Today I hung out with a guy named Mario along the border wall near the footbridge at Los Laureles Canyon. He was hiking up the path from the culvert carrying a bolero kit, and I laughed and asked him if he gets much business shining shoes out here along the wall. He smiled and explained that he shines shoes over across the road in Los Laureles, and he had just picked up a box of Ramen noodles for 2 pesos in the local neighborhood market.
I explained that I was taking photos of the border wall, and showed him a spot covered with drawings and names and messages. One of my favorites says, “Ez mi ultima Bes que cruso De MoJADO. It’s my last time I will cross as a wetback.”
Mario was fascinated. “Ando mucho aqui pero nunca lo he visto este,” he told me. I walk along here a lot, and I’ve never noticed these drawings before,” reaching out to touch a tiny scratched drawing of a man wearing sunglasses. Tiene años de edad, esta enmohecido. It’s old, it’s rusty, Mario remarked, and I replied, “Yeah, it’s probably been there for at least ten years.”
And as I showed him more markings, we sat down to talk. We talked for a couple of hours, about the economy and how hard it is to make a living these days and all the bad presidents back to Salinas de Gortari, how they just rob the people and give back nothing. The police had grabbed him one day, taken his birth certificate from Guerrero and torn it up, so even though he’s a citizen, he still gets harassed all the time now. The only good president was Benito Juarez, Mario concluded. I laughed. Damn, that was a long time ago!
He told me he can make about 200 pesos a day in Tijuana, doing odd jobs working for bars, picking up rocks at construction sites. Basic work, and fine for a young guy. “But, I asked, “what about a 60-year-old man? “This is a huge problem in Mexico,” Mario explained. “El Chapo Guzman con todos los milliones que tiene, no pueden dar nada a los ancianos?” With all the millions that El Chapo Guzman has, he can’t give anything to the elderly? “Ni los gobiernos. Lo que quiere es tener el dinero para ellos. Yo pago mis impuestos, y no me dan nada.” Nor the government, all they want is to have money for them. I pay my taxes, but they don’t give us anything.
On the ridge, we could hear the buzzing noise of the border patrol on their ATVs, three flying monkeys circling up above. The cloudy weather and fog in the morning is what migrants love for crossing, and as we talked, three guys passed by us, also waiting for the right conditions. Up on the hill we could see two other people tucked under a tree, watching the border patrol down below them.
There’s a huge gap in the border wall here where some old World War II bunkers are still lodged into the ground. Here near the huge Zeta on the wall, two historic sets of border infrastructure meet and create a gap: sixty-year-old soldiers’ bunkers to stand guard against the once potent threat of Japanese invasion from the Pacific and the latest in 21st-century surveillance systems, ground motion sensors, floodlights, and more walls. I asked about crossing where the wall ends, and one of the guys passing by us explained that the sensors in the ground make it impossible to walk around that area.

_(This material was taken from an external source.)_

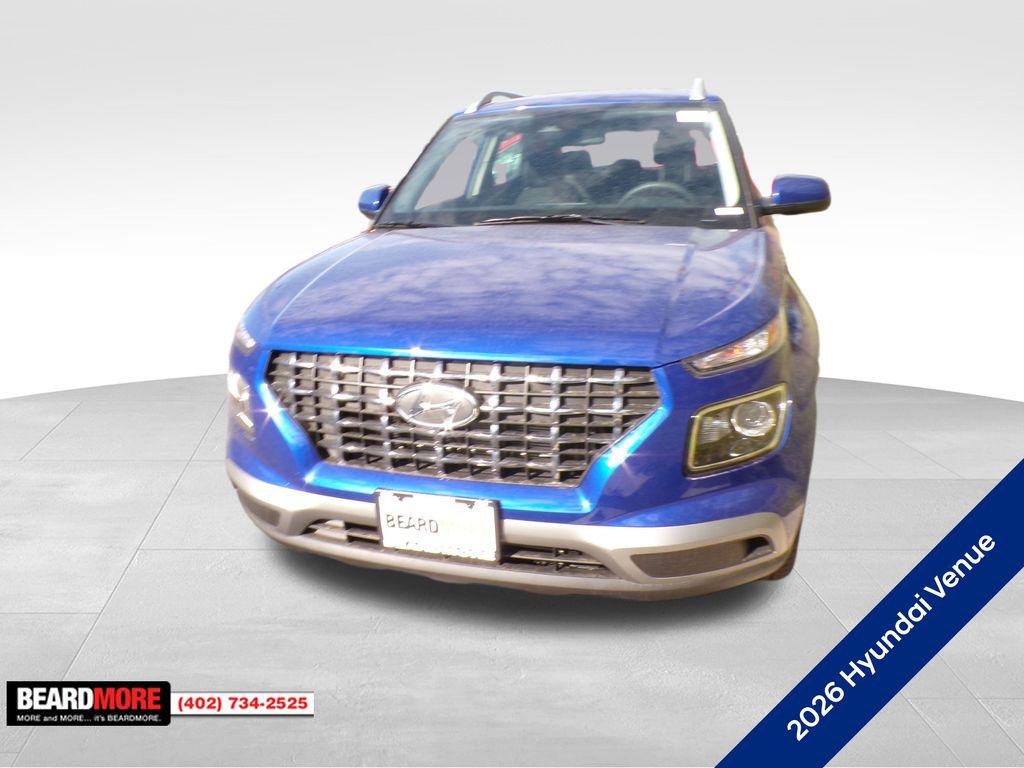 2026 Hyundai Venue SEL's photo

Down on the path below the migrants have rigged up a shower with a garden hose connected to a city water pipe. Here you can drink some fresh water, wash your clothes, and then cross through the culvert. But once you get over, you have to run like crazy so you don’t get caught right away.

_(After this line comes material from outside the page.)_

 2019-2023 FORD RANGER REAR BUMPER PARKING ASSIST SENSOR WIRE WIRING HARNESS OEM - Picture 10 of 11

Nobody was going to be able to cross today, the guys had concluded. There were way too many border patrol agents out on patrol.
We talked about the new trade agreement that Obama was working out with Colombia, and how it was just like NAFTA–a plan that would crush the farmers and force them off their land. Mario and I talked about farming, how my grandparents used to farm, and how in the 1980s most of my dad’s side of the family had lost their farms to big corporations. How NAFTA crushed Mexican farmers by offering government subsidies to US corporate farms, and pushing cheap corn from the United States into the Mexican market. “Does Mexico need corn from the US?” I asked. “Of course not.” Mario reminisced about Guerrero, how much he missed farming, the seasons of planting and harvest. He used to plant corn, low-tech farming with an ox-drawn plow. But slowly, it just cost too much to buy the seed, the fertilizer, to buy the feed for the oxen. I felt like I was talking to my cousins back in Minnesota.
Before I left for home, Mario showed me a little house they had rigged up in the canyon where they cook, and find shelter. He asked me if I could please take a picture so that people could see how some people are living. He liked it that I was taking pictures of the markings on the wall–to show that people here are just like anybody, a person who likes to draw, a person who has a family. “Somos seres humanos como todos.” We are human beings just like anybody, he said.
We shook hands as I left, and I asked him if any narcos or cartels controlled this area, like the areas further east where migrants get kidnapped and held for ransom.
No, he told me. “Nadie tiene control de esta tierra. Ni la policia, ni los narcos, ni un grupo criminal. Tenemos todos nosotros derecho de estar aqui.”
No, he said. Nobody controls this area. Not the police, not the narcos, not any criminal group. We all have the right to be here.